Problems compiling on NetBSD/m68k
gback at cs.utah.edu
Thu Feb 18 10:20:53 PST 1999
> > My take on this is that other people will care about other platforms,
> Easy to say that when it's been ported to the platform you work on.
> But who was the guy whining when libtool failed to work on FreeBSD
> because of a bug in FreeBSD's linker? Well, it was easy to work
> around this problem, but think of yourself trying to port a package as
> complex as Kaffe to some platform if it had not been developed with
> portability in mind.
You're turning things upside-down: FreeBSD worked before libtool, and
failed after libtool was introduced. The reason was that libtool decided
that all libraries would depend on -lm, so it would throw dozens of
gratuitous -lm switches in the link lines it created. That's something
nobody in his right mind would do, no wonder FreeBSD's linker freaked out.

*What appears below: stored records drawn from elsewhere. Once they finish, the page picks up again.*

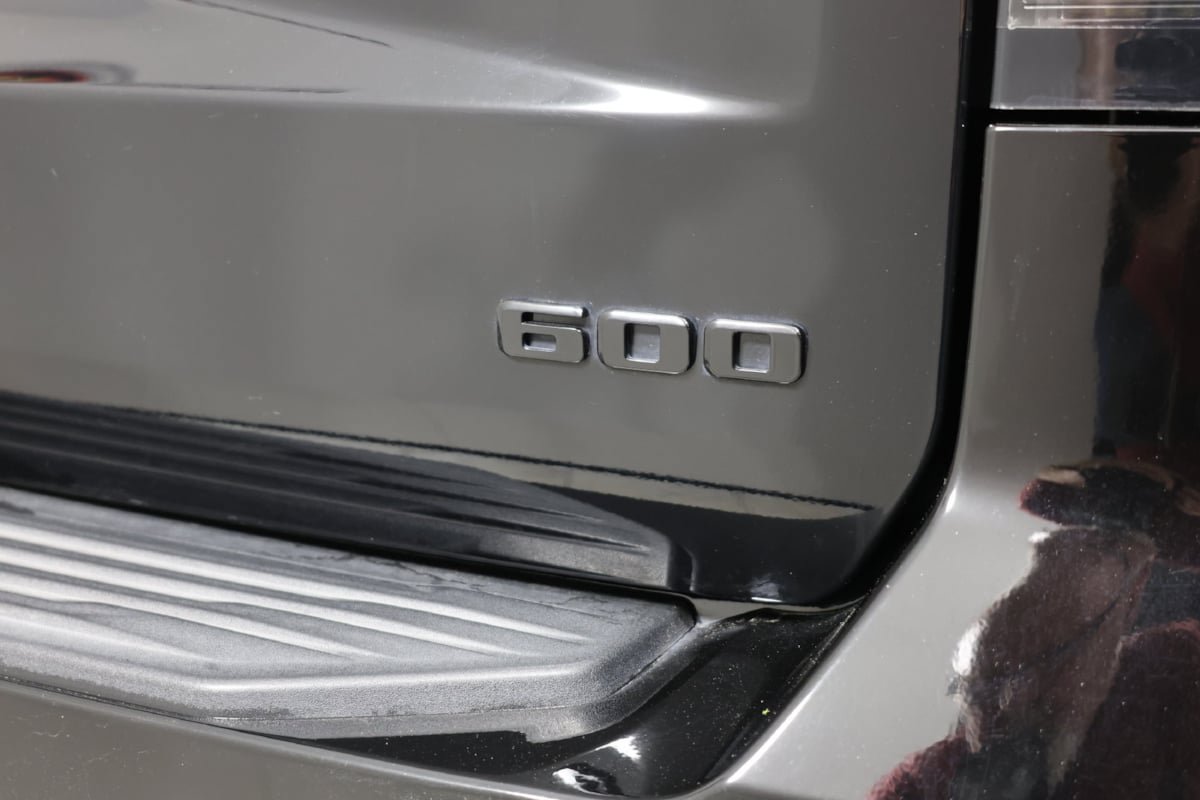 Used 2023 Cadillac Escalade ESV Sport Platinum w/ LPO, ONYX Package AWD/4WD image 17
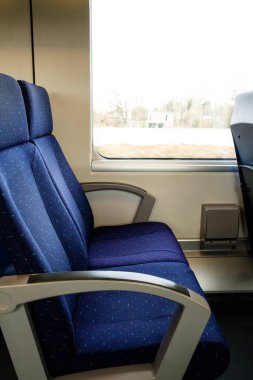 İki boş mavi tren koltuk, genel kavram seyahat
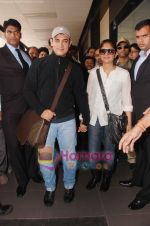 Aamir Khan speaks to media about Peeppli Live going to Oscars at Mumbai airport on 25th Sept 2010 (12).JPG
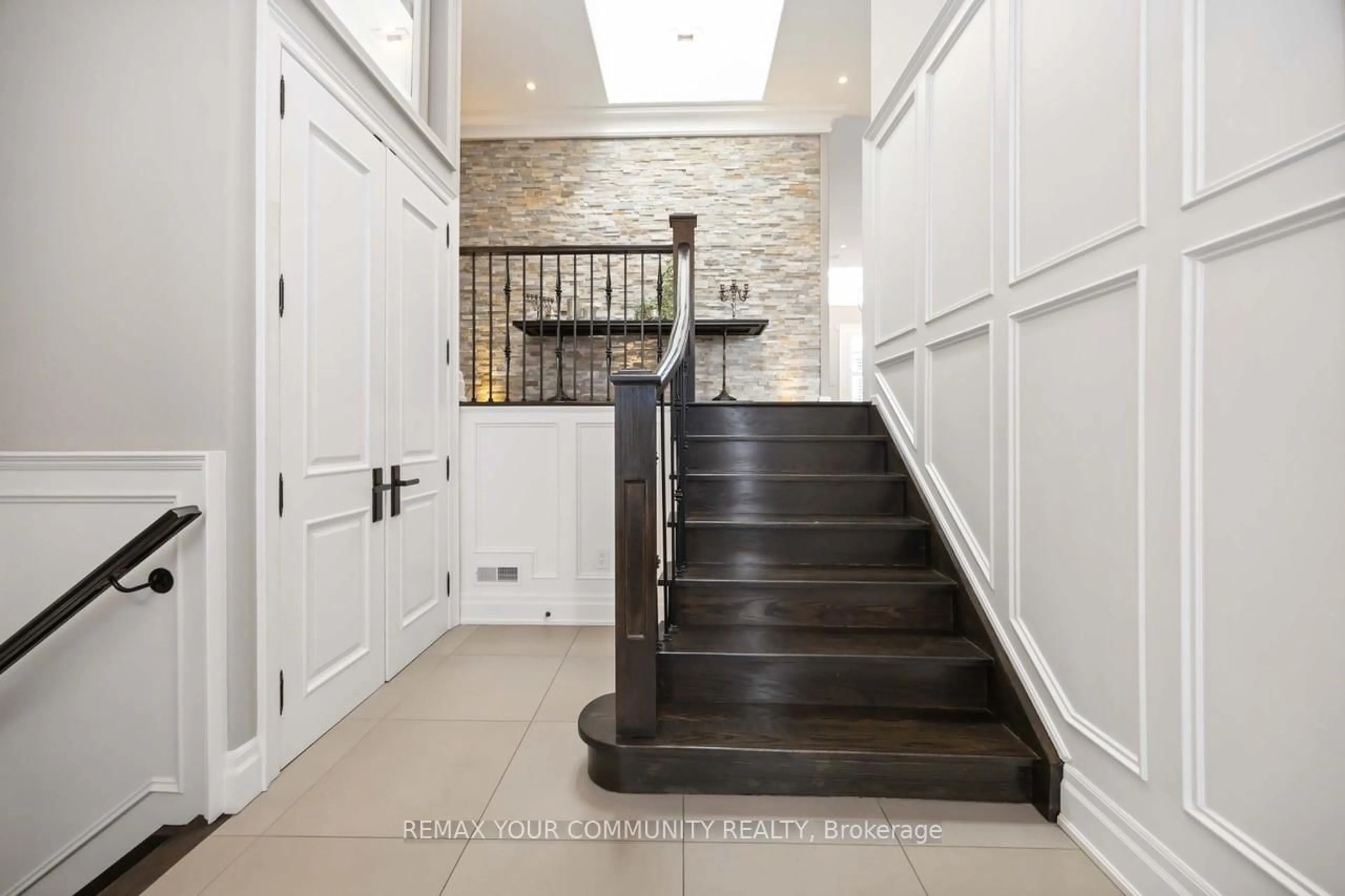 Indoor entryway for 48 May Ave, Richmond Hill Ontario L4C 3S6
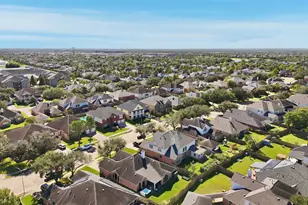 11303 Sailwing Creek Ct, Pearland, TX 77584 - Photo 43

But on a more serious note, this points to another reason why
libtool/automake actually reduces portability. libtool/automake work
only if the set of platforms/architectures on which it is supported is
a superset of the platforms/architectures on which Kaffe compiles and
builds. Now I don't want to make a statement about whether that's true
in general or not, but so far we've lost the capability to compile
Kaffe on the OSKit. Sure, that may be temporary, but it requires
resources to fix I'd rather spend on Kaffe. What about the Amiga?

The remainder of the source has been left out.